_DATA SECTION_
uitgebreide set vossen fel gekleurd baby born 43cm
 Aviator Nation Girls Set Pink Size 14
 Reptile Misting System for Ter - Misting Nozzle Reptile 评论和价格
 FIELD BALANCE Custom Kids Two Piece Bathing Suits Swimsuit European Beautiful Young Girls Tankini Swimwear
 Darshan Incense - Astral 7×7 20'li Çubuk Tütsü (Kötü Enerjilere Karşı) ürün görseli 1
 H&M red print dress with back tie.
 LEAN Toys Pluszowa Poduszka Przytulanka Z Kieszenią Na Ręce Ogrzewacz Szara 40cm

_TASK OBJECTIVE_
Copy every record exactly as presented.

_RESPONSE_
uitgebreide set vossen fel gekleurd baby born 43cm
 Aviator Nation Girls Set Pink Size 14
 Reptile Misting System for Ter - Misting Nozzle Reptile 评论和价格
 FIELD BALANCE Custom Kids Two Piece Bathing Suits Swimsuit European Beautiful Young Girls Tankini Swimwear
 Darshan Incense - Astral 7×7 20'li Çubuk Tütsü (Kötü Enerjilere Karşı) ürün görseli 1
 H&M red print dress with back tie.
 LEAN Toys Pluszowa Poduszka Przytulanka Z Kieszenią Na Ręce Ogrzewacz Szara 40cm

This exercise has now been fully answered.